[Opening DATA RECORDS section]

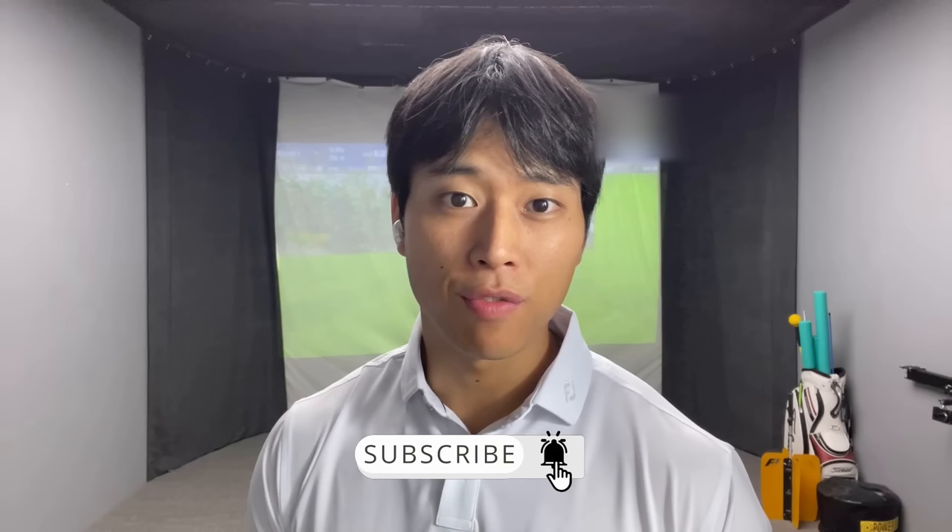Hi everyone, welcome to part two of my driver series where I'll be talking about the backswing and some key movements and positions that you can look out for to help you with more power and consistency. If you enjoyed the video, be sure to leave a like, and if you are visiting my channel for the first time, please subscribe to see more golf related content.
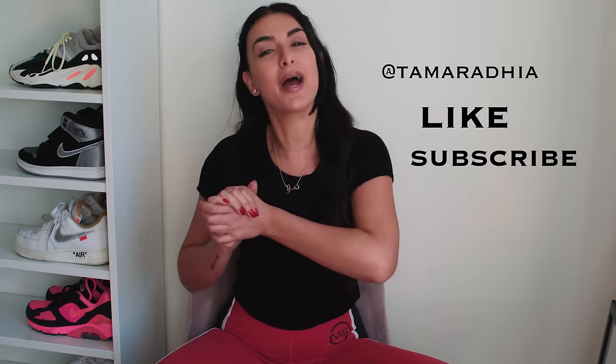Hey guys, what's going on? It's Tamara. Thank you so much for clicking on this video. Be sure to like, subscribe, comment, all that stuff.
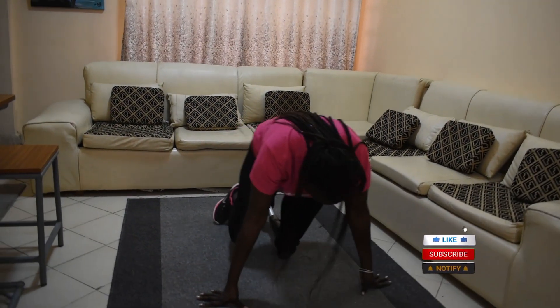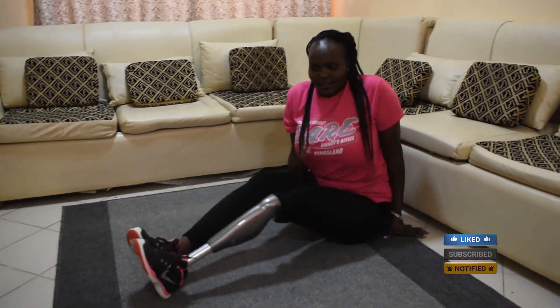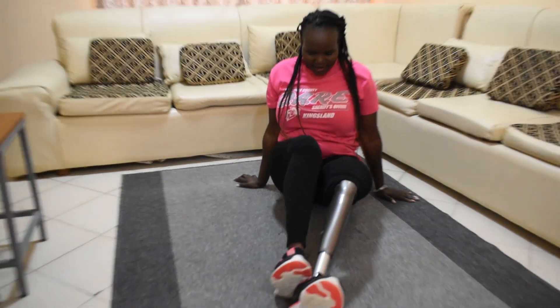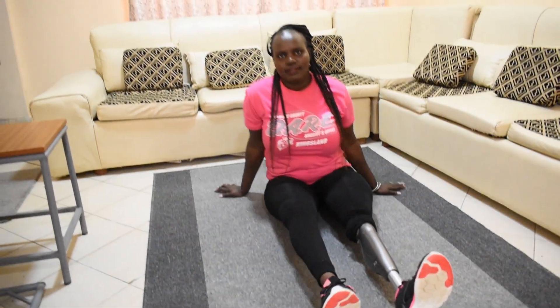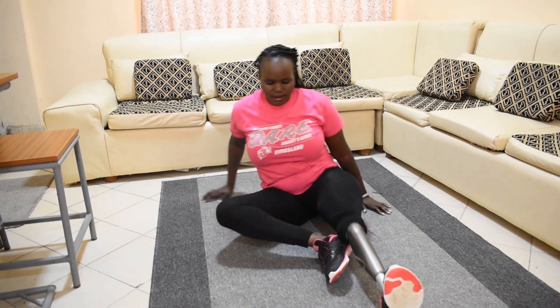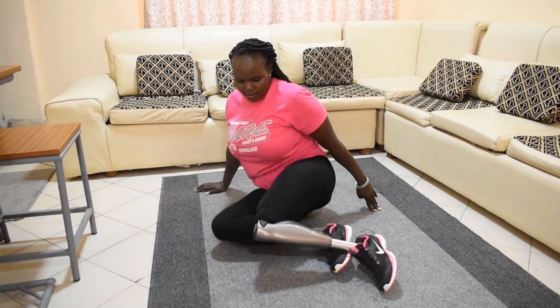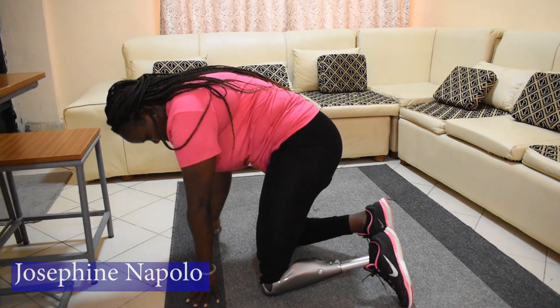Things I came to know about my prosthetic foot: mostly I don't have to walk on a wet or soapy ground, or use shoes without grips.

[Closing DATA RECORDS section]
[Opening DATA RECORDS section]

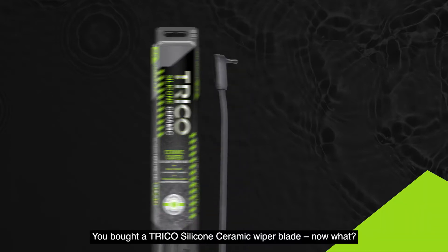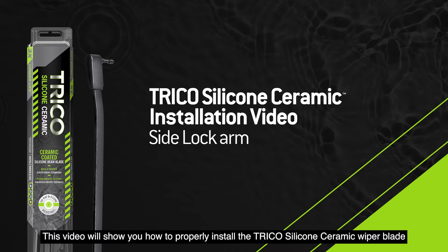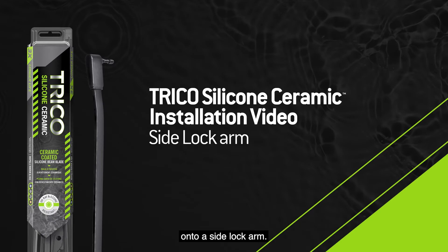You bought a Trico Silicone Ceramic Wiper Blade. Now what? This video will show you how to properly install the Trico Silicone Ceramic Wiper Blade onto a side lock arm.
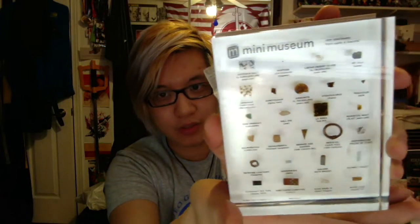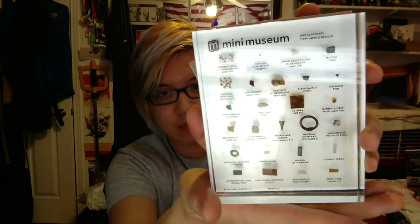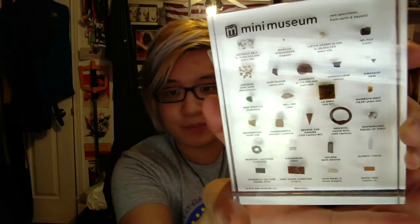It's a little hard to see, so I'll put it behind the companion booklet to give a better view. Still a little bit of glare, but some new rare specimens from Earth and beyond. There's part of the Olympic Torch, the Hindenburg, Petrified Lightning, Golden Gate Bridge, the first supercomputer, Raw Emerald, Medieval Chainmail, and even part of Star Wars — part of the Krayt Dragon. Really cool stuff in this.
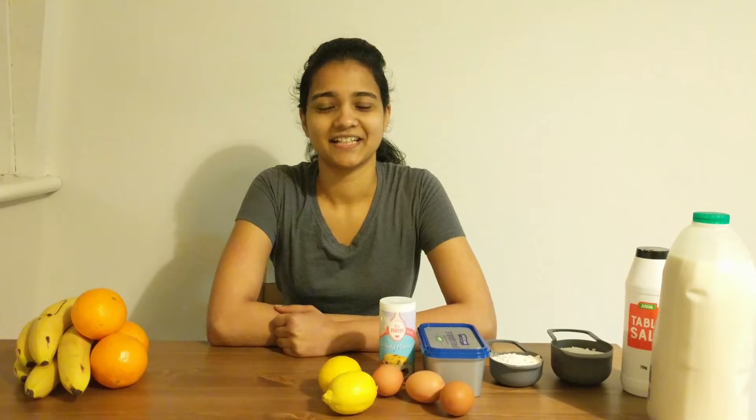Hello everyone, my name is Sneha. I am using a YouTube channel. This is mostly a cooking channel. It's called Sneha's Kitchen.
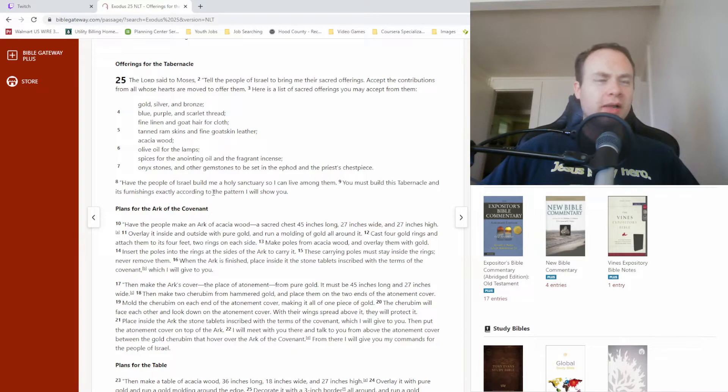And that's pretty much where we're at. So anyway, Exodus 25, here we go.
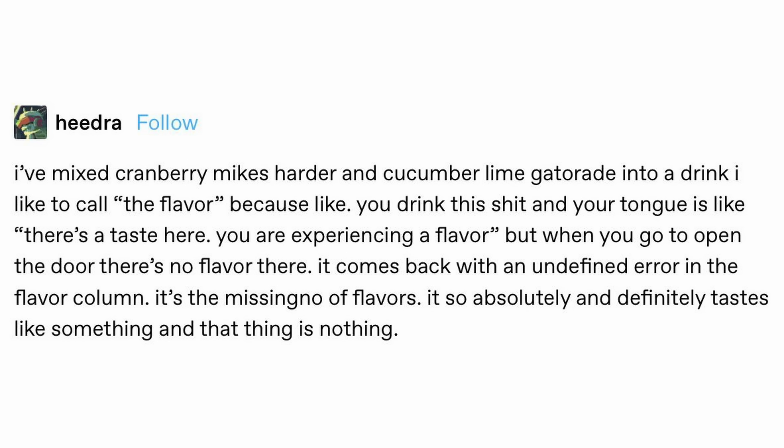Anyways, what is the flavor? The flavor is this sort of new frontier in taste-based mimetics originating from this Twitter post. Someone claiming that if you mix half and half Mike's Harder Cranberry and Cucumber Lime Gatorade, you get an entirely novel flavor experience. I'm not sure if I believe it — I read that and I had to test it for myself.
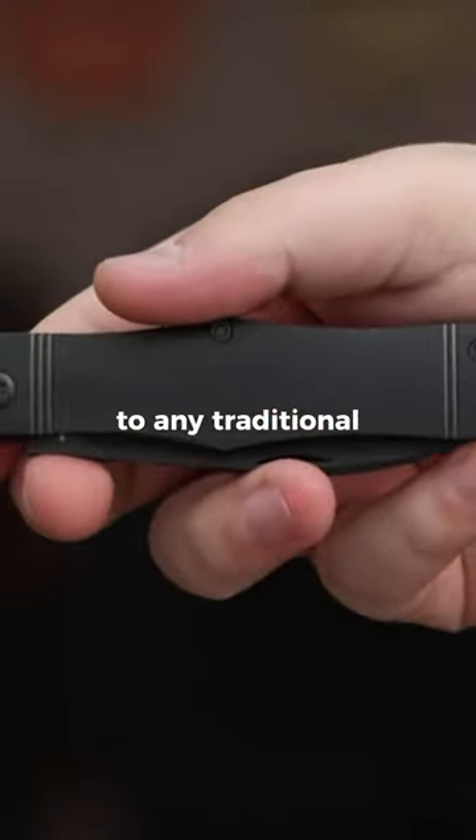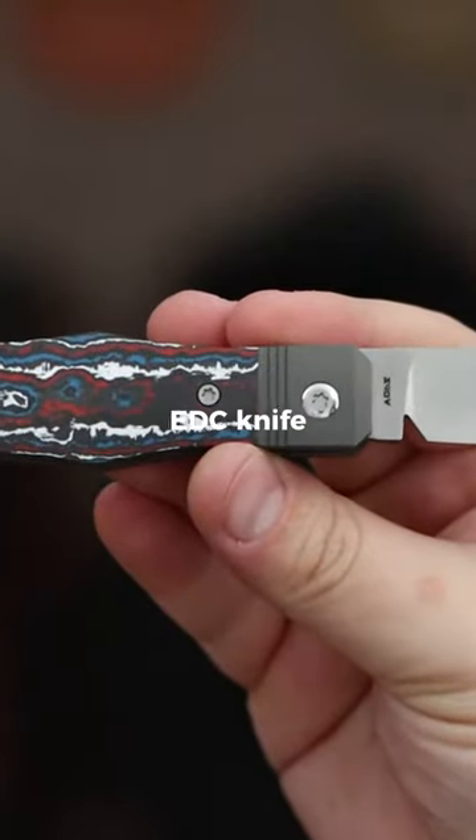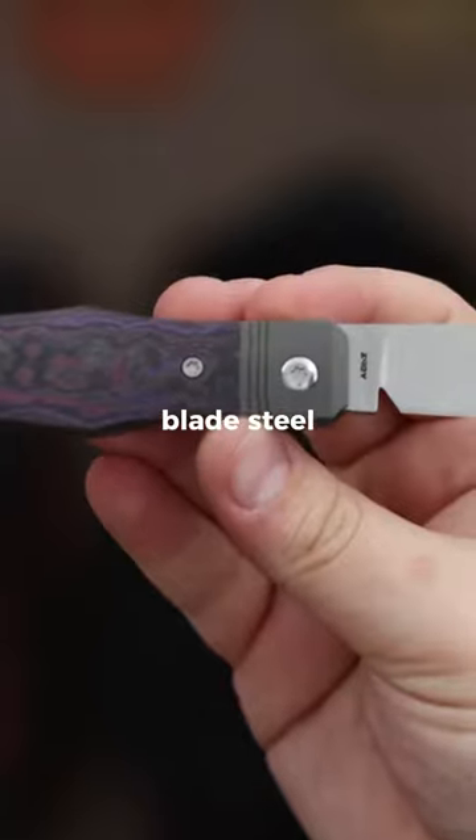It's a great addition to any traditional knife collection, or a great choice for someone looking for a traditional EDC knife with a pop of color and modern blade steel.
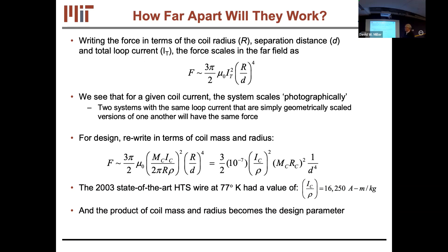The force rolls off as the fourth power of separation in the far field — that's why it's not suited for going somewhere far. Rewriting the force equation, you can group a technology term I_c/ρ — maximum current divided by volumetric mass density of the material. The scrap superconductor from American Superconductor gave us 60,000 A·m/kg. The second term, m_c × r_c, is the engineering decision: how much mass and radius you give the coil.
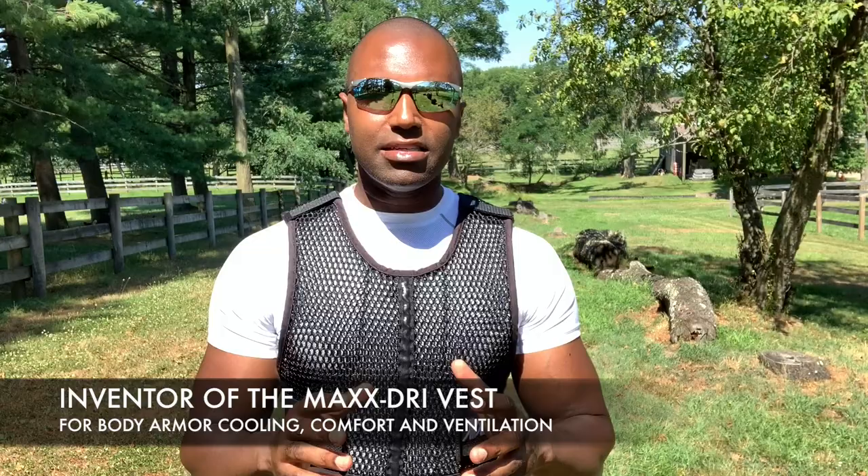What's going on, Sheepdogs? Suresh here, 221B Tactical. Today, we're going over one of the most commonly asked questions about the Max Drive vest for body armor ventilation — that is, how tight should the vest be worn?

[Closing DATA RECORDS section]
[Opening DATA RECORDS section]

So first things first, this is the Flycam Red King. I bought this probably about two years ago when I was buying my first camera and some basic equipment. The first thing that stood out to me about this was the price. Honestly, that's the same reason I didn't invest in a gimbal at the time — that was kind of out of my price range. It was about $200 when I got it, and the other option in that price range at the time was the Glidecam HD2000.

[Closing DATA RECORDS section]

• DESCRIPTION OF THE TASK
Above are some entries. Restate word for word the lines from the one holding "Hi everyone, welcome" through the one holding "Things I came", but not the pictures.

• EXERCISE OUTPUT
Hi everyone, welcome to part two of my driver series where I'll be talking about the backswing and some key movements and positions that you can look out for to help you with more power and consistency. If you enjoyed the video, be sure to leave a like, and if you are visiting my channel for the first time, please subscribe to see more golf related content.
Hey guys, what's going on? It's Tamara. Thank you so much for clicking on this video. Be sure to like, subscribe, comment, all that stuff.
Things I came to know about my prosthetic foot: mostly I don't have to walk on a wet or soapy ground, or use shoes without grips.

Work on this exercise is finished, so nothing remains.